2019 was the year of young people, who dominated the market, accounting for 51% of all deals, compared with 40% in ordinary years. Young buyers flocked to purchase new homes under the Buyer Fixed Price Plan, and many who did not win discounted homes under the plan found homes in discount projects on the open market. The result was a poor secondhand housing market that created difficulties for move-up buyers, whose proportion of the overall housing market fell from 40% to 36%.
Young people purchased 6,000 homes in December, two thirds of which were on the open market, despite the intensive pace of Buyer Fixed Price Plan deals, which accounted for 28% of all deals, indicating that housing purchases among this population segment were also intensive on the open market in 2019.

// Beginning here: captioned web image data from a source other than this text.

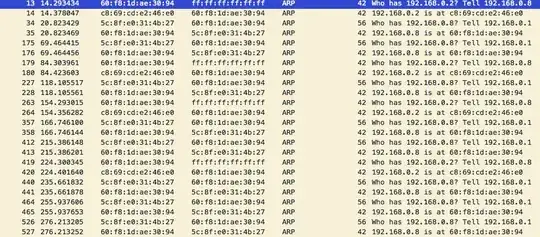SCCM Console Status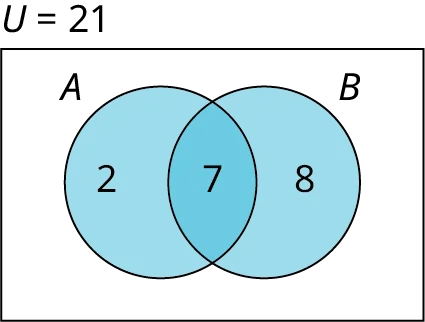 A two-set Venn diagram of A and B intersecting one another is given. Set A shows 2 while set B shows 8.  The intersection of the sets shows 7. Outside the Venn diagram, it is marked U equals 21.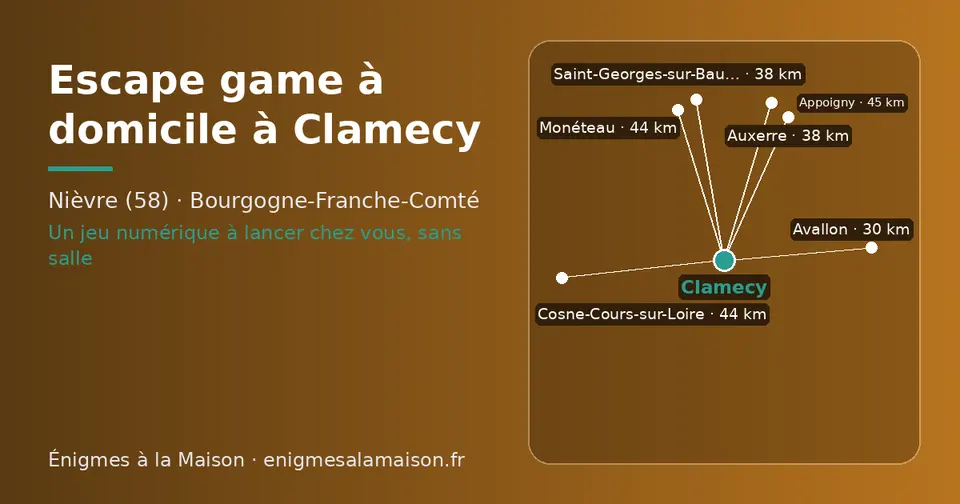 Carte schématique : Clamecy et les communes voisines présentées sur ce site (Avallon, Auxerre, Saint-Georges-sur-Baulche, Monéteau, Cosne-Cours-sur-Loire, Appoigny)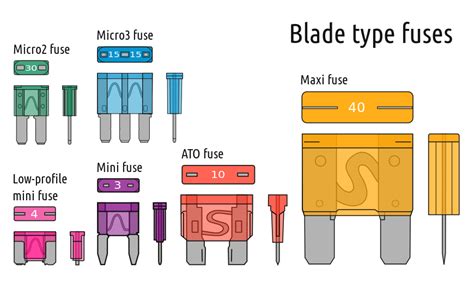 electrical engineering world blade type fuses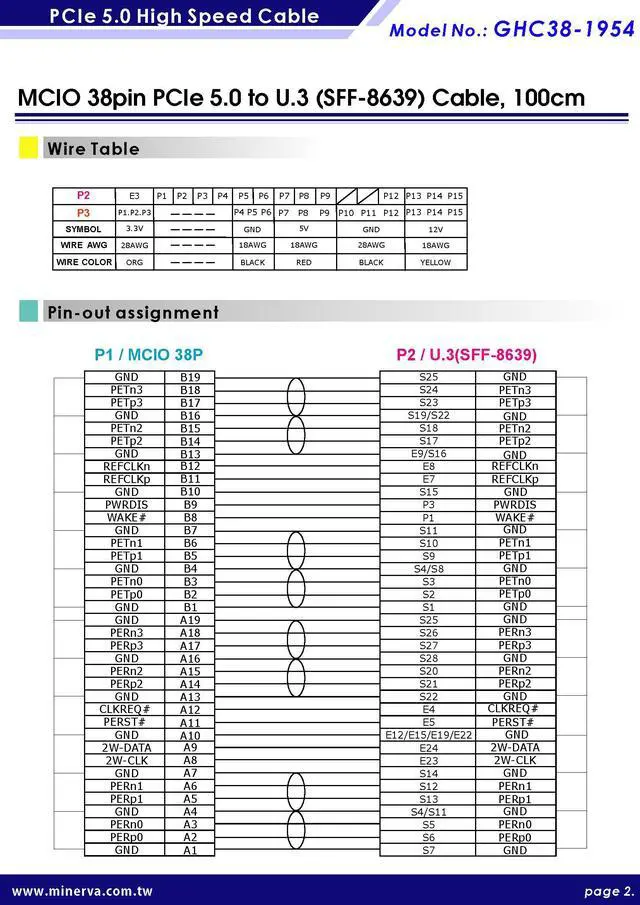 Alt view image 5 of 5 - M.2 PCIe 5.0 with ReDriver to MCIO 38P + MCIO 38P (PCIe 5.0) to U.3 Cable, 100cm Kits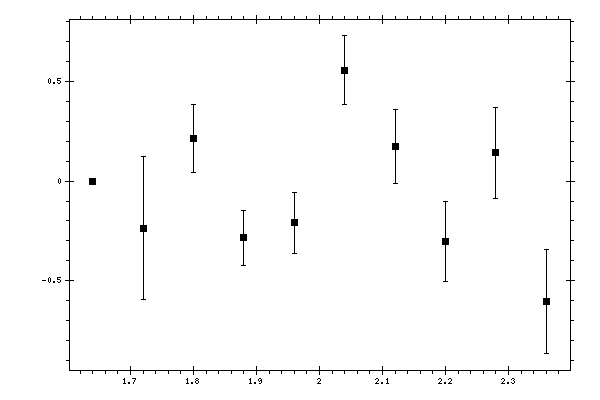 Plot measurement data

One possible explanation of this pattern is political uncertainty, a resumption of price rises, and a shortage of apartments offered in the recent Buyer Fixed Price Plan lotteries, in addition to the criticism of the Buyer Fixed Price Plan and whether it is worthwhile participating in it.
Investors bought 14,000 housing units in 2019, just 13% of all the deals during the year. As has been the case since April 2016, most activity by investors was getting rid of surplus housing units. In the past three and a half years, investors have sold more housing units than they bought, as a result of the deterrent effect of high taxes on home purchases, falling monthly returns, and a leveling off of housing prices. The stock of housing in the hands of investors fell by 22,000 during this period.
Investors and young couples not infrequently encounter each other in the outlying areas, where the cheap housing prices attract investors, and cheap homes sold in the framework of the Buyer Fixed Price Plan attract young couples. Home sales took place in December under the Buyer Fixed Price Plan in the Carmei Gat neighborhood, which was very popular among investors five years ago.
The chief economist found that young couples buying homes as investments, a not infrequent phenomenon in Buyer Fixed Price lotteries in outlying areas, did not take place in Carmei Gat, where half of all buyers were already Carmei Gat residents and 73% of the home buyers in the lottery were residents of southern Israel, who probably bought the homes in order to live in them. On the other hand, buyers of apartments from central Israel, many of whom were charedim (ultra-Orthodox Jews), earned low salaries, and therefore were undoubtedly planning to live in their new apartments. For their part, investors are abandoning Carmei Gat and selling the apartments they bought there, as reflected in the large number of secondhand apartments sold in the neighborhood, starting in the second half of 2017.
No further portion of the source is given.